Medwedew in Polen
7. Dezember 2010"Smolensk, wir wollen die Wahrheit!" – steht auf den Transparenten der Demonstranten vor dem Warschauer Präsidentenpalast. Höchstens 40 Menschen sind gekommen, um ihren Unmut über die schleppende Aufarbeitung der Flugzeugkatastrophe zum Ausdruck zum bringen. Sie wittern hinter dem Absturz, bei dem im April dieses Jahres Polens Präsident Lech Kaczynski und 95 weitere Menschen ums Leben gekommen waren, ein Attentat, für das der Kreml verantwortlich sein soll.
Der russische Präsident Dmitri Medwedew machte deutlich, dass auch ihm und seinen Landsleuten an der Aufklärung des Unglücks gelegen sei. "Das ist ein tragisches Kapitel in der polnischen Geschichte. Smolensk ist aber auch ein tragisches Kapitel in der Geschichte Russlands. Deshalb werden wir alles tun, um objektiv zu ermitteln und die Ergebnisse allen zugänglich zu machen."
Medwedew betonte auch, dass es nicht darum gehe, die Untersuchungen zu beschleunigen, sondern darum, dass man professionell arbeite. "Ich bin der Meinung, dass die Zusammenarbeit zwischen unseren Staaten gut funktioniert," sagte er.

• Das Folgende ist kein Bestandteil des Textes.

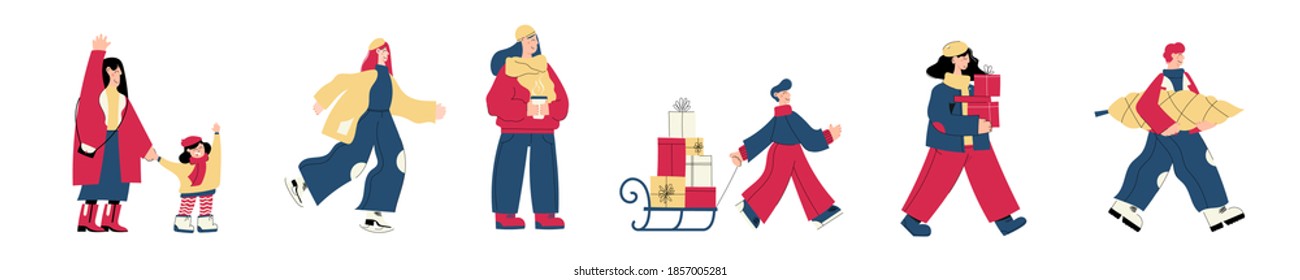 Set of People Characters with Holiday and Winter activity scenes. Man and Woman shopping, buying presents, drinking mulled wine, greeting each other, ice skating; carrying Christmas tree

Einladung zum Dialog und zur besseren Zusammenarbeit
Medwedew ist der erste russische Präsident seit mehr als acht Jahren, der Polen besucht. Mit ausgestreckter Hand begegnete er seinem Amtskollegen Bronislaw Komorowski. Und der nahm die Einladung zum Dialog und zur besseren Zusammenarbeit dankend an: "Die Dürrezeit im polnisch-russischen Verhältnis geht zu Ende. Nach einer langen Funkstille in den Beziehungen auf höchster Ebene möchte ich den Herrn Präsidenten noch einmal herzlich willkommen heißen."
Medwedew kündigte an, dass sein Besuch neue Dynamik in die bilateralen Beziehungen bringen werde. Wie erwartet, sagte er nicht nur eine lückenlose Aufklärung der Tragödie von Smolensk zu, er versprach auch die Übergabe weiterer Dokumente zum Massaker von Katyn. In der Nähe dieses westrussischen Ortes ermordeten die Sowjets 1940 mehr als 20.000 polnische Soldaten und Zivilisten, was Moskau jahrzehntelang geleugnet hatte.
Zuletzt verurteile aber selbst die russische Staatsduma den Massenmord als Verbrechen Stalins. "Wir haben in der letzten Zeit beispiellose Schritte gemacht, die Vergangenheit aufzuarbeiten – inklusive der Übergabe entsprechender Archivdokumente an Polen. Diese Linie wird fortgesetzt. Wir werden diesen Weg nicht verlassen, denn wir brauchen die Wahrheit." So Medwedw.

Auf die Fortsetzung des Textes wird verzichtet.